A commonly-used approximate formula to calculate the SBS threshold in optical fibers was proposed in 1972 by R. G. Smith in Applied Optics 11, pp. 2489-2494:Pth≈21 Aeff/gBLeff  (1)where Aeff is the optical effective area, Leff is the effective interaction length, and where gB is the peak value of the Brillouin gain. Therefore, The SBS threshold can be increased by decreasing the effective length of the fiber, increasing the effective area, or somehow manipulating the Brillouin gain in the fiber. The increase in the SBS threshold through the decrease of length is limited by the gain requirements in the fiber. Moreover, increased gain per unit length through the use of higher concentrations of rare earth elements is beset with problems associated with photodarkening and solubility limits.

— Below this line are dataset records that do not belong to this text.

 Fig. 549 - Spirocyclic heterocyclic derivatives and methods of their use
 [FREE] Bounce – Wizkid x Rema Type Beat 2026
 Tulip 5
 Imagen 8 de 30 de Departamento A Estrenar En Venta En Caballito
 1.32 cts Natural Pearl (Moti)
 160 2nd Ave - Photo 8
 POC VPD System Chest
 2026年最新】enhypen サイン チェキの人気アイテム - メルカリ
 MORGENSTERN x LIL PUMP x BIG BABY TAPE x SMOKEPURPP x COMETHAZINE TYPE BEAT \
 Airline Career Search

Much work has been done to increase the effective area of the fiber through the use of large mode area (LMA) fibers. While conventional LMA fiber designs have been successful in delivering single mode power outputs exceeding 100 watts, there is general agreement that new approaches are required for further enhancement is of the power.
A variety of experimental efforts have been attempted or proposed to reduce the SBS threshold through the manipulation of the SBS gain via the fiber doping profile (e.g. U.S. Pat. Nos. 7,130,514 and 7,167,621). In U.S. Pat. No. 5,851,259 by Clayton et al., the SBS threshold is reduced by introducing a modulation in the tension applied to the fiber during the draw process. This idea was expanded on in U.S. Pat. No. 6,542,683 by Evans et al. as a permanent, non-uniform stress is imparted to the fiber core through non-uniform thermal expansion and viscosity profiles. The latter inventor shows that a simple modulation of tension during the draw process leads to a marginal increase in the SBS threshold. The technique is limited by the fact that a change in the draw tension leads to a change in the fiber diameter. The latter inventor did not envision a fiber which could be manufactured with polarization maintaining properties.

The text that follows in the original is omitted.